NUNCA DIGAS ADEUS AO VERÃO
João de Mancelos
Edições Colibri
Lisboa, março de 2021
A literatura é uma arte esquiva. Ela nunca reproduz a realidade. Quanto muito, utiliza-a. Usa-a em proveito da poesia, do teatro, do romance, da saga, da epopeia, da novela, do conto, da crónica e da shortstory, sob os mais diversos aspetos e suportes, motivações e estilos. Algumas delas, como as crónicas/conto de Nunca Digas Adeus ao Verão, de João de Mancelos, são tão compactas, que raiam o guião de casos, de situações, que os leitores e leitoras podem observar com considerável distanciamento. E é ele – esse afastamento objetivo – que nos faculta apreciar a palavra elaborada, a cadeia de filigranas (frases curtas), a intrincada teia de significantes e significados através dos quais são geradas. Edificadas. E expostas.

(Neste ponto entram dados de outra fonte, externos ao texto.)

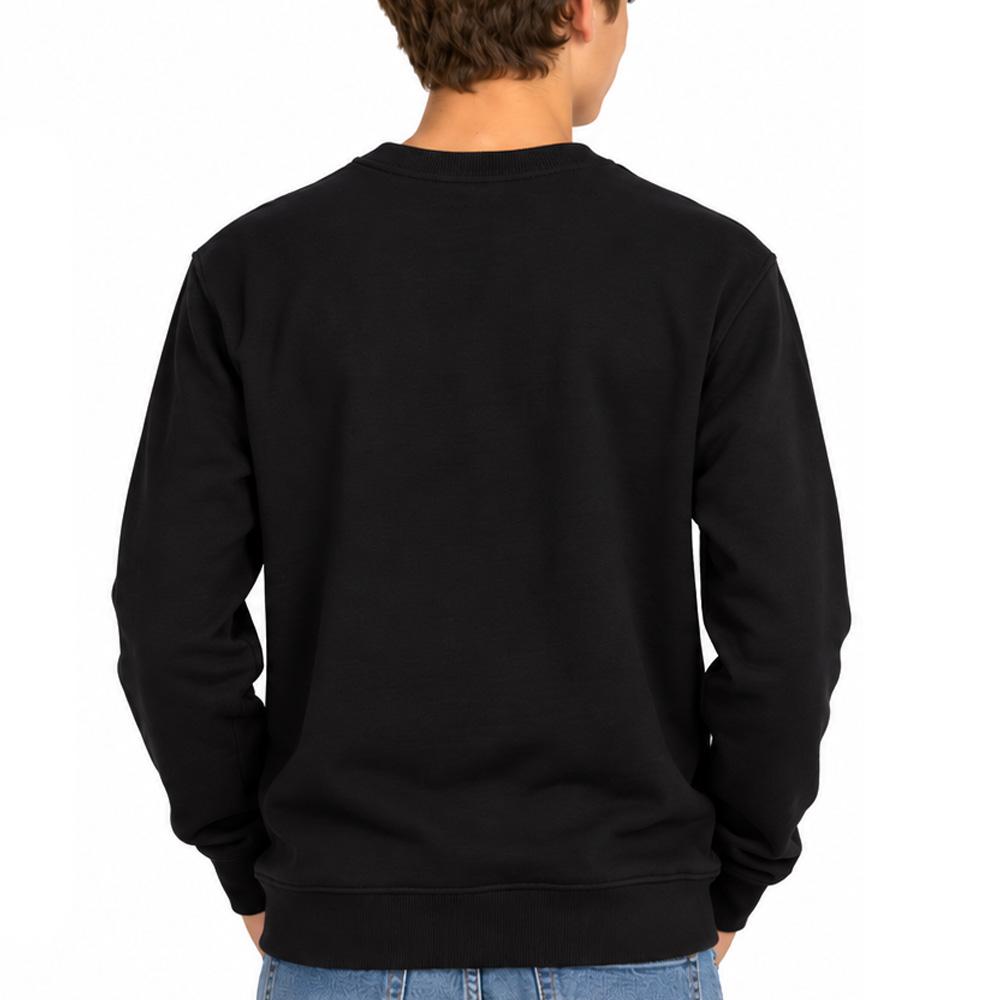 Sweat Noir Garçon Redskins SCR vue 2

Às vezes o discurso aproxima-se tanto da técnica cinematográfica que as elipses contribuem a olhos vistos para os desfechos inesperados, surpreendentes, a rasar tanto Hitchcock como Edgar Allan Poe, mas sem que tenham sidos pronunciados; outras, fazem-nos lembrar Raymond Carver ou psicologismo de Patricia Highsmith, Ray Bradbury ou Arthur C. Clarke, mostrando todas as cartas em jogo a quem lê, ocultando-as contudo dos jogadores em ação (as personagens vítimas do enredo ou intriga), a quem baralham propositadamente mostrando as secundárias por trunfos e vice-versa, até chegarmos ao ponto de lhes gritar (avisando-as) meio aflitos «Parva, não faças isso, que vais dar-te mal». E isto são as linhas com que se coze, confeciona, o novo neorrealismo.

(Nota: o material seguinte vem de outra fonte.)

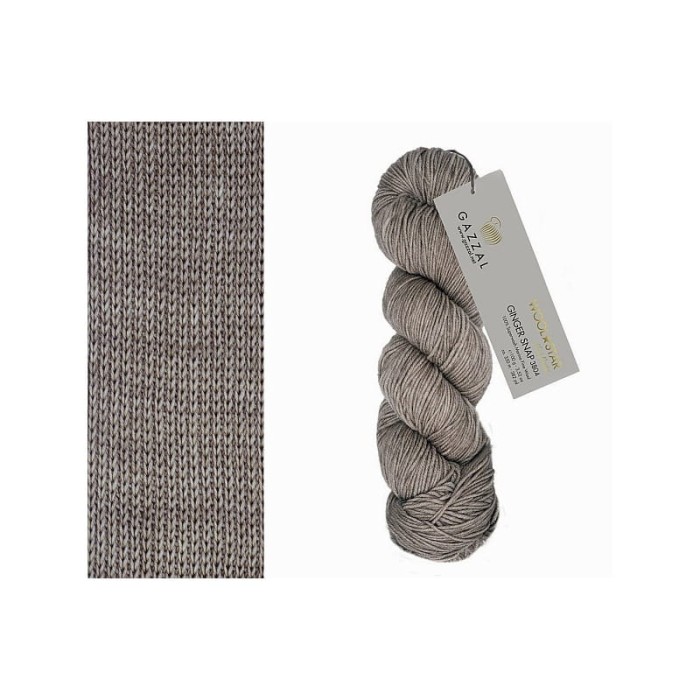 Gazzal Wool Star 3804 GINGER SNAP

Este novo neorrealismo que, já dissidente do realismo mágico, tem memórias e perceções seletivas próprias, bem como um fundo sonoro intrínseco, cuja intenção primeira subjacente à elaborada gestão do discurso literário é criar nos leitores, e nas leitoras, emoções e sensações, vivas e pujantes, sem nunca argumentar e concluir, a favor ou contra seja do que for, limitando-se a mostrar, a descrever, através duma imagética e duma narrativa tão nitidamente pictóricas, sugestivas, que inspiram e refletem uma frieza objetiva que nos não atrevemos a contestar, tipo “se ele diz que foi assim, é porque foi”, caraterística da reportagem, mas também da experiência didático-pedagógica.
Ou seja, os dados estão tão claros e evidentes, observáveis e tão bem alinhados, enquanto pressupostos do discurso ficcional, que ficamos a torcer pelo autor para que funcionem na perfeição, e enxerguemos não só o que ele mostrou mas principalmente o que ele quis que sentíssemos, que víssemos. Enfim, o que pretendeu mostrar-nos, numa cumplicidade envolvente.
E sem perdermos muito tempo, uma vez que o livro não tem mais que 88 páginas, e treze histórias, numa média de quatro, cinco páginas por história, economizando quer no recurso, como no discurso e na narrativa. O que, para os tempos que correm, é uma mais-valia significativa.